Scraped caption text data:
++++

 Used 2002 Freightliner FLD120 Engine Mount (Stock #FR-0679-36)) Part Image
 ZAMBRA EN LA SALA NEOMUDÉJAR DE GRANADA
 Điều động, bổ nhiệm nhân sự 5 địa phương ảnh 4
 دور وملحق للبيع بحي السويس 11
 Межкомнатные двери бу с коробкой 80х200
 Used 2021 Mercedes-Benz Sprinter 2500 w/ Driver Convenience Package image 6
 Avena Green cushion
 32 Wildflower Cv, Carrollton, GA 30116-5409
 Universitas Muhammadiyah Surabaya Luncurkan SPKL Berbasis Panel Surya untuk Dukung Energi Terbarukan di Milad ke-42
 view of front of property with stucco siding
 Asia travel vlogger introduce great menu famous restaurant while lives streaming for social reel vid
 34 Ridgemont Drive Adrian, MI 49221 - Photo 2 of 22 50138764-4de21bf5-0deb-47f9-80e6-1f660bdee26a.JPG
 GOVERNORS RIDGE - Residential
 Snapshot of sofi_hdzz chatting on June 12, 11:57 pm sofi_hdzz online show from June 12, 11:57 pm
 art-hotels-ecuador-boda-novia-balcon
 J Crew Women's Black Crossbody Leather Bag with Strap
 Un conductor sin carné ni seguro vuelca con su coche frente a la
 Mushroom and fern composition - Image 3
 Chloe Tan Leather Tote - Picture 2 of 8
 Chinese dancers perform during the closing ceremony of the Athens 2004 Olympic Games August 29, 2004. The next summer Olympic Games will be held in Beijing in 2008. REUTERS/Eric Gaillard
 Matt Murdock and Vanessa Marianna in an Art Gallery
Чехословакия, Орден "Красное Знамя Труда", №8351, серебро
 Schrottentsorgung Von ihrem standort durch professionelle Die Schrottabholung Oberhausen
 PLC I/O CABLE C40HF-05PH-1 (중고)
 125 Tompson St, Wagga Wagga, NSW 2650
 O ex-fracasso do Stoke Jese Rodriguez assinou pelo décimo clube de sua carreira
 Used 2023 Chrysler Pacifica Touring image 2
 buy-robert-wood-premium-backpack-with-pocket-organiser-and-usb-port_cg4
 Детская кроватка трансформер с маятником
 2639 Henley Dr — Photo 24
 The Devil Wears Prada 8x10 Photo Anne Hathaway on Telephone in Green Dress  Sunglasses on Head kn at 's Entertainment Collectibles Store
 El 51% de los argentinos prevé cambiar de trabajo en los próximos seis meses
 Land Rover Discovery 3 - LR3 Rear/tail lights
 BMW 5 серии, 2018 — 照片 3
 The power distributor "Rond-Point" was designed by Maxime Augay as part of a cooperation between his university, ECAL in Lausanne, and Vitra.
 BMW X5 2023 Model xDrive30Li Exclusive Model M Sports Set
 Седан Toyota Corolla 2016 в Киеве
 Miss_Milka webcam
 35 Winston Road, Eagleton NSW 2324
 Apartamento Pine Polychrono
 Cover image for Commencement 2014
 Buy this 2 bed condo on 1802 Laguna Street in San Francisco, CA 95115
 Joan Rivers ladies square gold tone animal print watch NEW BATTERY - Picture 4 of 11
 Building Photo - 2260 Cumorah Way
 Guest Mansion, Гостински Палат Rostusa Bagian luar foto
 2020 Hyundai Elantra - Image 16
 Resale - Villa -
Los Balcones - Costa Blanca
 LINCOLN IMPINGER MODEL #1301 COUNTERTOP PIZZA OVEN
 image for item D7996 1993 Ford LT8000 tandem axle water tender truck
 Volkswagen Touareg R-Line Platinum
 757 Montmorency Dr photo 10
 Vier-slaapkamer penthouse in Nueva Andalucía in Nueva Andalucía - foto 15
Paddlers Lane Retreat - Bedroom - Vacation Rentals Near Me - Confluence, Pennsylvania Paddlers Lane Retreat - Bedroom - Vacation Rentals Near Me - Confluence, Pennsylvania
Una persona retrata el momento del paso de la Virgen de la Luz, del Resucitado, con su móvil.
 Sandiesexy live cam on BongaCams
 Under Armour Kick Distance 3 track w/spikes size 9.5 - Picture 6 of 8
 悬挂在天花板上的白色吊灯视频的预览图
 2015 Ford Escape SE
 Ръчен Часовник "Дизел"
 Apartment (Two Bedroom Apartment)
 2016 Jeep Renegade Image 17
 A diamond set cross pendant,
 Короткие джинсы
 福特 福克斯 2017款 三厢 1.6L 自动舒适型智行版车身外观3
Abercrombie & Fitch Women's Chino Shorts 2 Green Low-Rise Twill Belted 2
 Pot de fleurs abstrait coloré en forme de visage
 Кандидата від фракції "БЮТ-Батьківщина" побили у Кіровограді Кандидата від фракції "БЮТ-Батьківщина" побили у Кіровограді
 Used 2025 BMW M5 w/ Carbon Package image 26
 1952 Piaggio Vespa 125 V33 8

++++

To do
Retyping every line above exactly is all that is needed.

Answer to this exercise
 Used 2002 Freightliner FLD120 Engine Mount (Stock #FR-0679-36)) Part Image
 ZAMBRA EN LA SALA NEOMUDÉJAR DE GRANADA
 Điều động, bổ nhiệm nhân sự 5 địa phương ảnh 4
 دور وملحق للبيع بحي السويس 11
 Межкомнатные двери бу с коробкой 80х200
 Used 2021 Mercedes-Benz Sprinter 2500 w/ Driver Convenience Package image 6
 Avena Green cushion
 32 Wildflower Cv, Carrollton, GA 30116-5409
 Universitas Muhammadiyah Surabaya Luncurkan SPKL Berbasis Panel Surya untuk Dukung Energi Terbarukan di Milad ke-42
 view of front of property with stucco siding
 Asia travel vlogger introduce great menu famous restaurant while lives streaming for social reel vid
 34 Ridgemont Drive Adrian, MI 49221 - Photo 2 of 22 50138764-4de21bf5-0deb-47f9-80e6-1f660bdee26a.JPG
 GOVERNORS RIDGE - Residential
 Snapshot of sofi_hdzz chatting on June 12, 11:57 pm sofi_hdzz online show from June 12, 11:57 pm
 art-hotels-ecuador-boda-novia-balcon
 J Crew Women's Black Crossbody Leather Bag with Strap
 Un conductor sin carné ni seguro vuelca con su coche frente a la
 Mushroom and fern composition - Image 3
 Chloe Tan Leather Tote - Picture 2 of 8
 Chinese dancers perform during the closing ceremony of the Athens 2004 Olympic Games August 29, 2004. The next summer Olympic Games will be held in Beijing in 2008. REUTERS/Eric Gaillard
 Matt Murdock and Vanessa Marianna in an Art Gallery
Чехословакия, Орден "Красное Знамя Труда", №8351, серебро
 Schrottentsorgung Von ihrem standort durch professionelle Die Schrottabholung Oberhausen
 PLC I/O CABLE C40HF-05PH-1 (중고)
 125 Tompson St, Wagga Wagga, NSW 2650
 O ex-fracasso do Stoke Jese Rodriguez assinou pelo décimo clube de sua carreira
 Used 2023 Chrysler Pacifica Touring image 2
 buy-robert-wood-premium-backpack-with-pocket-organiser-and-usb-port_cg4
 Детская кроватка трансформер с маятником
 2639 Henley Dr — Photo 24
 The Devil Wears Prada 8x10 Photo Anne Hathaway on Telephone in Green Dress  Sunglasses on Head kn at 's Entertainment Collectibles Store
 El 51% de los argentinos prevé cambiar de trabajo en los próximos seis meses
 Land Rover Discovery 3 - LR3 Rear/tail lights
 BMW 5 серии, 2018 — 照片 3
 The power distributor "Rond-Point" was designed by Maxime Augay as part of a cooperation between his university, ECAL in Lausanne, and Vitra.
 BMW X5 2023 Model xDrive30Li Exclusive Model M Sports Set
 Седан Toyota Corolla 2016 в Киеве
 Miss_Milka webcam
 35 Winston Road, Eagleton NSW 2324
 Apartamento Pine Polychrono
 Cover image for Commencement 2014
 Buy this 2 bed condo on 1802 Laguna Street in San Francisco, CA 95115
 Joan Rivers ladies square gold tone animal print watch NEW BATTERY - Picture 4 of 11
 Building Photo - 2260 Cumorah Way
 Guest Mansion, Гостински Палат Rostusa Bagian luar foto
 2020 Hyundai Elantra - Image 16
 Resale - Villa -
Los Balcones - Costa Blanca
 LINCOLN IMPINGER MODEL #1301 COUNTERTOP PIZZA OVEN
 image for item D7996 1993 Ford LT8000 tandem axle water tender truck
 Volkswagen Touareg R-Line Platinum
 757 Montmorency Dr photo 10
 Vier-slaapkamer penthouse in Nueva Andalucía in Nueva Andalucía - foto 15
Paddlers Lane Retreat - Bedroom - Vacation Rentals Near Me - Confluence, Pennsylvania Paddlers Lane Retreat - Bedroom - Vacation Rentals Near Me - Confluence, Pennsylvania
Una persona retrata el momento del paso de la Virgen de la Luz, del Resucitado, con su móvil.
 Sandiesexy live cam on BongaCams
 Under Armour Kick Distance 3 track w/spikes size 9.5 - Picture 6 of 8
 悬挂在天花板上的白色吊灯视频的预览图
 2015 Ford Escape SE
 Ръчен Часовник "Дизел"
 Apartment (Two Bedroom Apartment)
 2016 Jeep Renegade Image 17
 A diamond set cross pendant,
 Короткие джинсы
 福特 福克斯 2017款 三厢 1.6L 自动舒适型智行版车身外观3
Abercrombie & Fitch Women's Chino Shorts 2 Green Low-Rise Twill Belted 2
 Pot de fleurs abstrait coloré en forme de visage
 Кандидата від фракції "БЮТ-Батьківщина" побили у Кіровограді Кандидата від фракції "БЮТ-Батьківщина" побили у Кіровограді
 Used 2025 BMW M5 w/ Carbon Package image 26
 1952 Piaggio Vespa 125 V33 8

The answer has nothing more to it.